ある日の縄文堂足(+菜々子ちゃん)「ふぅ、こんなもんかな。」
「足立さん、上手!菜々子も耳飾り、できたよ!」
「うん、菜々子ちゃんも上手だね~。」
ここはとある集落。
僕はこの小さな女の子、菜々子ちゃんと、その父親、堂島遼太郎さんと一緒に暮らしている。

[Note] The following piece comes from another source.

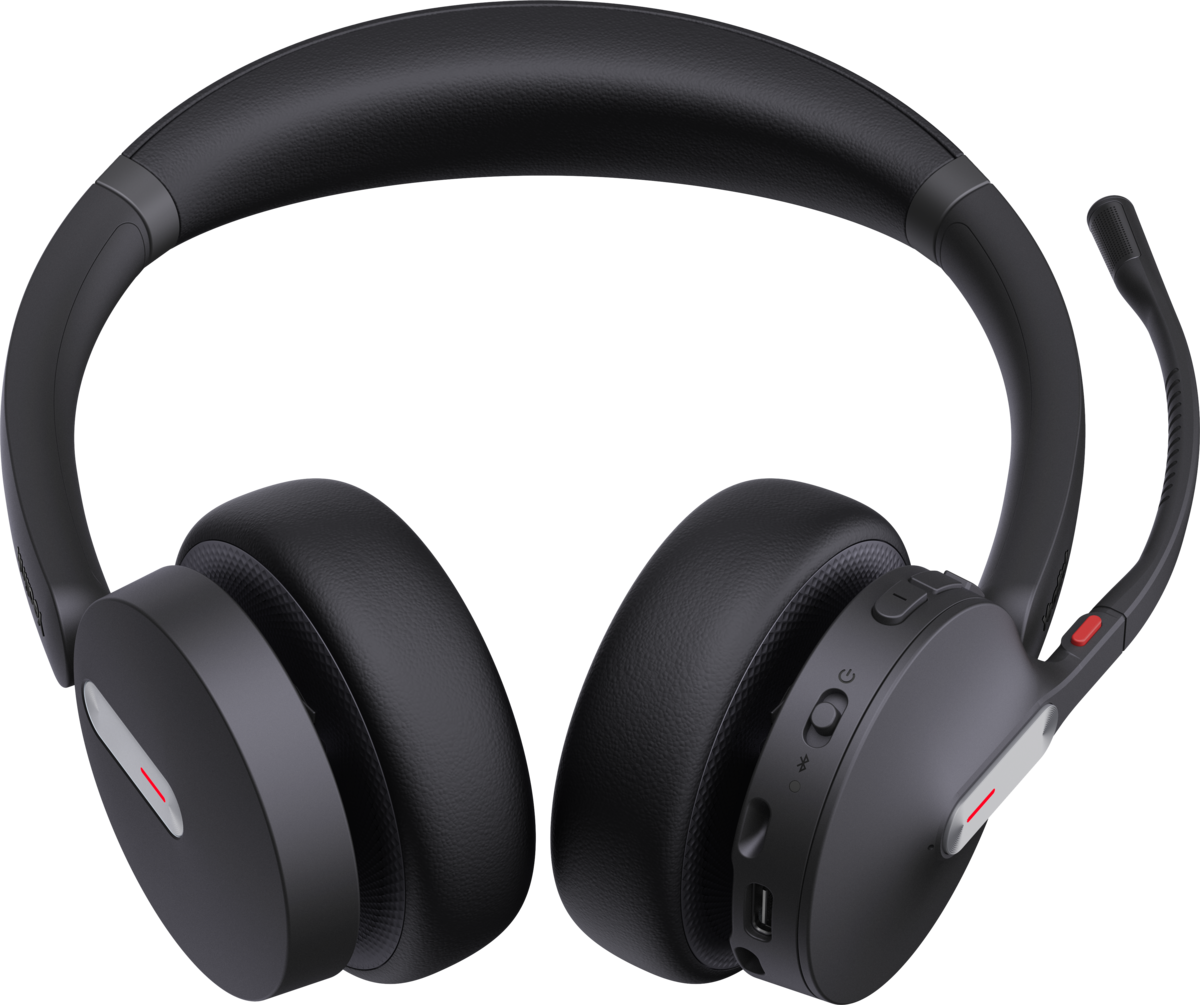 Yealink BH70 Dual – Duo Headset – Bluetooth, USB‑A/USB‑C – für Microsoft Teams – schwarz – bis 35 h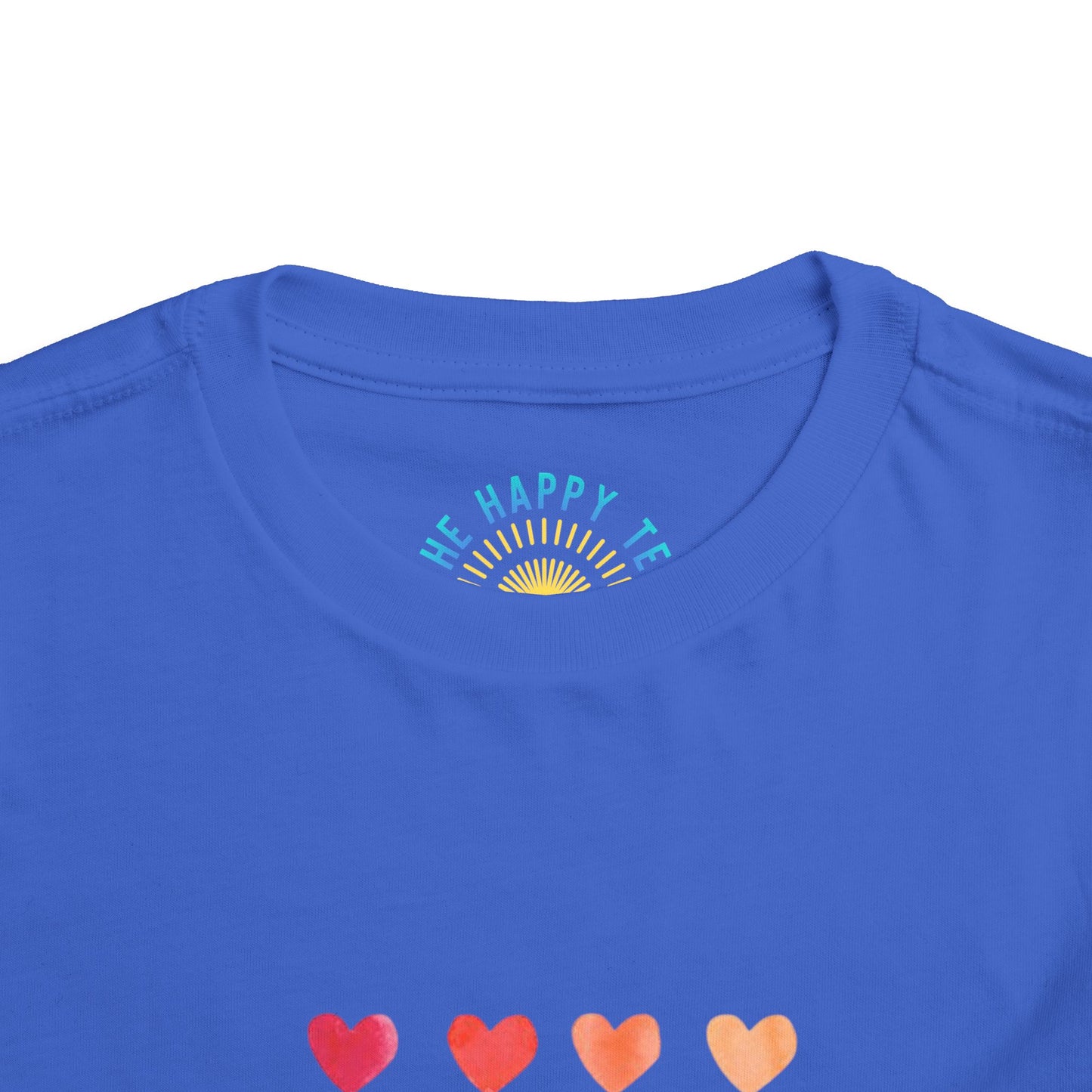 Watercolor Hearts Toddler Tee - Cute Kids T-Shirt for Celebrations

血族、というわけではなく、僕は堂島さんに拾ってもらった人間だ。
堂島さんに口説かれ、互いに好いていき、一応伴侶として生活を共にしている。
堂島さんは狩りを得意としていて、相棒の鷹と一緒に日中は狩りをしている。
その間、僕は菜々子ちゃんと一緒に装飾品や食器などを作ったり、
家事をしていたりする。
最初、僕はこれらの仕事を全くできなかったのだが、
しっかり者の菜々子ちゃんに教わり、上達した。
今日は菜々子ちゃんが装飾品、僕が食器作成の当番で、
二人で色々研究しながら作成していたのだった。
「ただいま。」
「「おかえりなさい。」」
夕方、堂島さんが帰ると、夕食の時間だ。
ゆっくり1日の出来事を語る家族の時間。
こんなにゆっくり流れるトキを過ごせるとは、少し前の自分では到底想像できない時間だ。
そうして菜々子ちゃんが眠ると、
夫婦の時間となる。
堂島さんは割と甘えたらしく、僕をすぐ膝の上に乗せたがる。
すりすりと首に顔を埋めて、僕の感触を確かめるような触り方をするのだ。
「今日も1日お疲れ様です。」
「あぁ、ありがとう、足立。」
ゆっくりと口づけを交わし、互いを労う。
こんな甘い時間も僕が過ごせるとは思っていなかった。
だが、こんな時間も、先ほどまでの時間も、全て堂島さんがくれたものだ。
大切な…大切な宝物のひとつ。
「そうだ、足立。これ、受け取ってくれないか。」
「それ…堂島さんと同じ首飾り…?」
「そうだ。これは狼の骨で作ったものなんだが、やっとこの間捕えてな。
お前の分もこしらえたんだ。」
お揃いの飾り物を身に着ける、というのには意味がある。
そう、『家族』という証になるのだ。
(勿論、既に菜々子ちゃんは狼の骨で作られた耳飾りをつけている。)
「千里が身に着けていた耳飾りを作り変えても良かったんだが、お前はそれでは納得しないだろうからな。」
「それは…千里さんのものはそのままとっておくべきですからね。」
堂島さんから渡された僕専用の首飾り。
持ち上げてみると、きれいな赤い石が填められている。
「綺麗だろう。この間海沿いに行ったときに拾ったんだ。…俺も着けた。」
「…!」
「俺の奥さんなんだ。身につけて…くれないか、透。」
強い意志を持った、だけれど少し不安げな目。
そんな堂島さんのまなざしに何度救われただろうか。
今度は僕が堂島さんの目を…力強いあたたかなものにする番だ。
「勿論。あなたを幸せにすると誓ったその日から、あなたの伴侶として一生を共にすると誓ってます。
よろしくお願いします、遼太郎さん。」
ゆっくりと僕に首飾りを下げて、満足げな堂島さんは、
そのまま僕を抱き抱え、寝床へと運んでいったのだった。